__Exercise directions__: Among the entries below, take the line with "Apartamento Espectacular Hogar" and the line with "Wool Sofa Cushion", and output them and every line between them exactly, with nothing else.

__Material provided__:
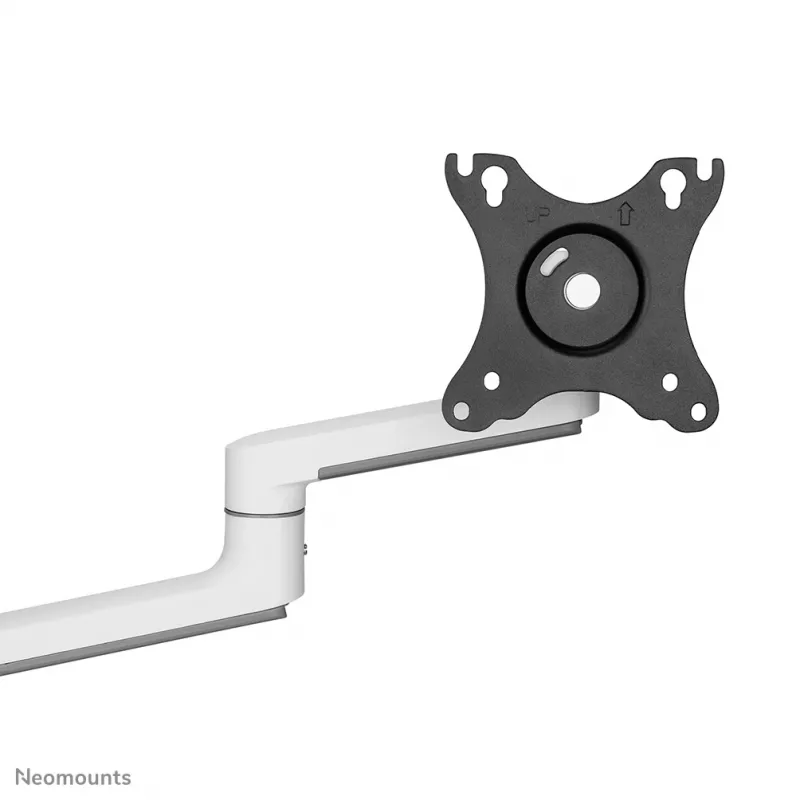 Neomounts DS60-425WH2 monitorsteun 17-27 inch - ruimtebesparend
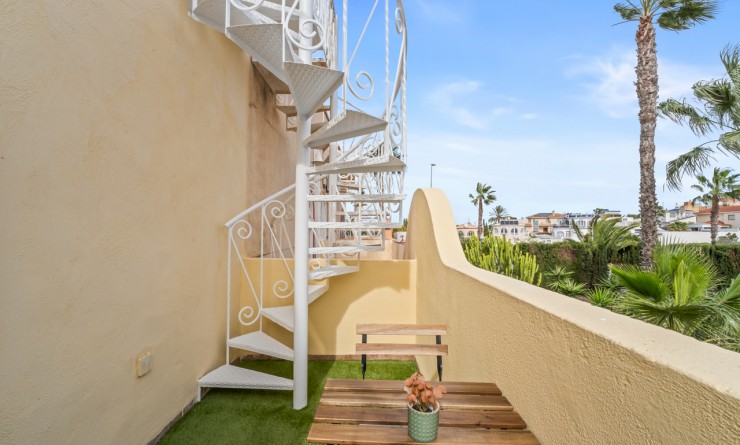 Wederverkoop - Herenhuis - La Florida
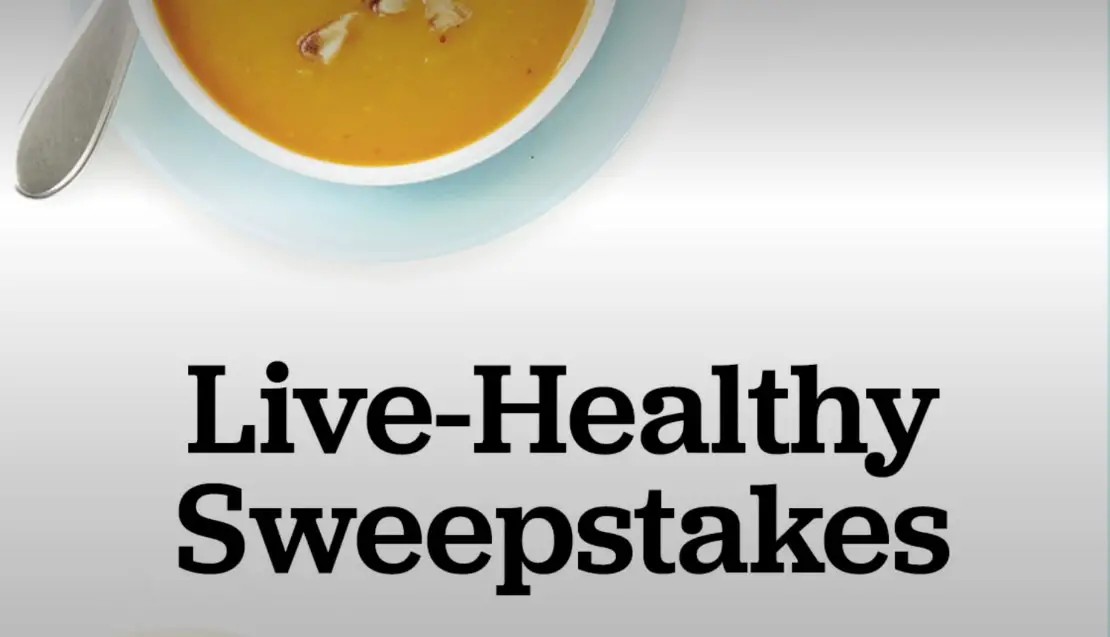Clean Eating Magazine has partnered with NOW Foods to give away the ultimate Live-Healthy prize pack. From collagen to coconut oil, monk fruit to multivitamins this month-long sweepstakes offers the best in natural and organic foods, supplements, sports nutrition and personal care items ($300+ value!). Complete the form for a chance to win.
---
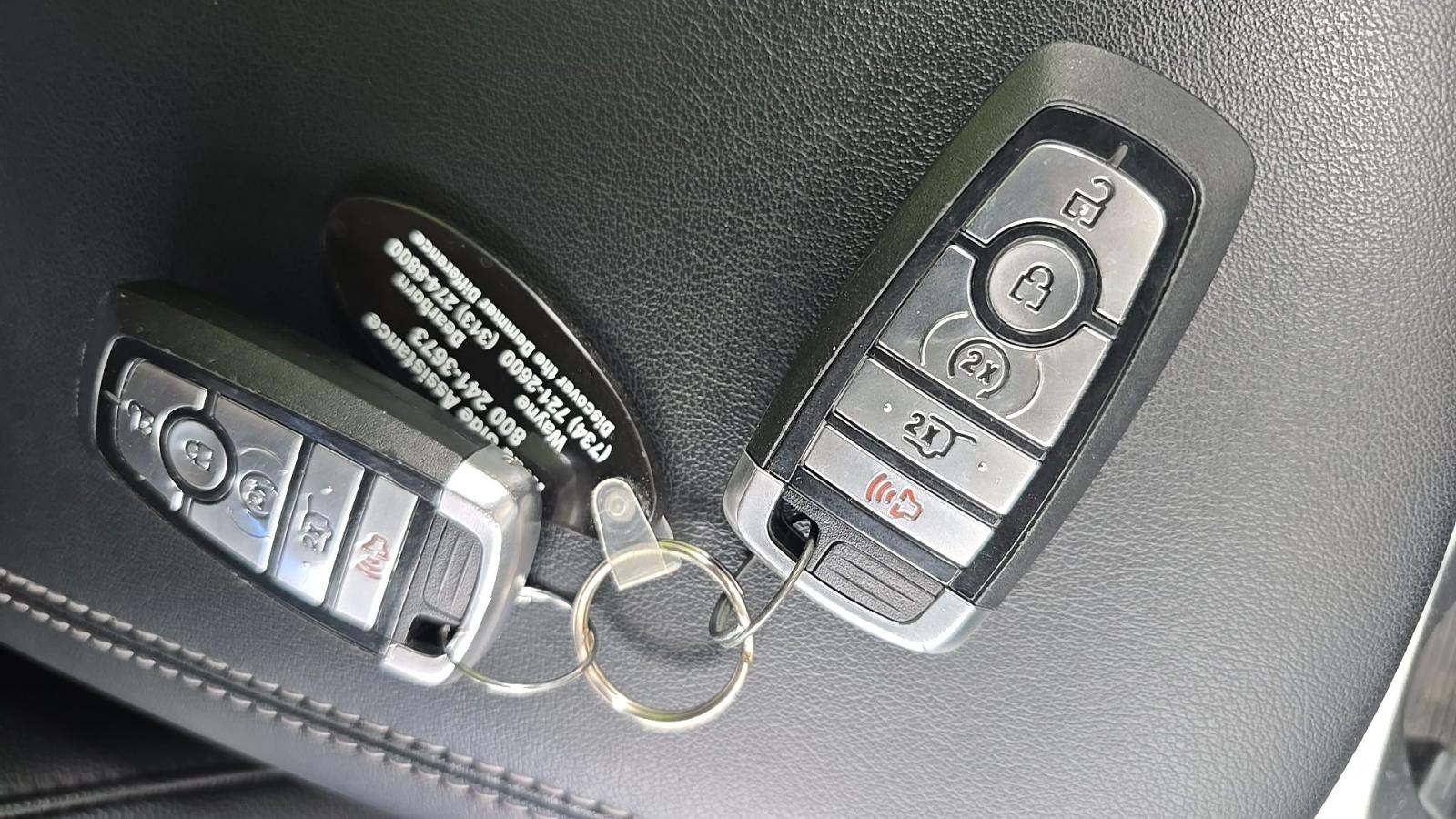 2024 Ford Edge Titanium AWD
==
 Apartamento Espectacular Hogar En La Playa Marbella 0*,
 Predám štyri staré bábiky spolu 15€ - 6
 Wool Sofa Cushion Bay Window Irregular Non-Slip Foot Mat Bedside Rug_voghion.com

__Result below__:
 Apartamento Espectacular Hogar En La Playa Marbella 0*,
 Predám štyri staré bábiky spolu 15€ - 6
 Wool Sofa Cushion Bay Window Irregular Non-Slip Foot Mat Bedside Rug_voghion.com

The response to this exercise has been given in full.